Buchman had a natural sympathy with the newly independent countries of Asia, and in 1952 he accepted invitations to take an international team to India, Ceylon and Pakistan. The Indian invitation had come in September 1950 from eighteen distinguished personalities headed by G. L. Nanda, by then Minister of Planning in Delhi.* The Prime Minister of Ceylon, Dudley Senanayake, and members of his government and the opposition had sent a similar invitation, and Pakistani ministers had repeated one given to Buchman personally by Mohammad Ali Jinnah - and accepted by him - during the Independence talks in London.
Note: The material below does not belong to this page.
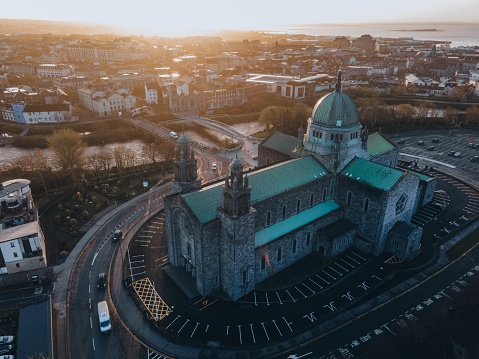 Views of Galway Cathedral in Galway, Ireland by Drone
(* Others on the invitation committee included R. K. Patil and G. L. Mehta, members of the National Planning Commission; Khandubhai Desai, President of the Indian National Trade Union Congress; Sir Lakhshmanaswami Mudaliar, Vice-Chancellor of Madras University; Dr B. C. Roy, Chief Minister of West Bengal; K. M. Patnaik, Speaker of the Legislative Assembly of Orissa; Dr Sampuranand, Minister of Education in the United Provinces; A. N. Sinha, Minister of Labour in Bihar; J. R. D. Tata, Chairman of Tata Industries.)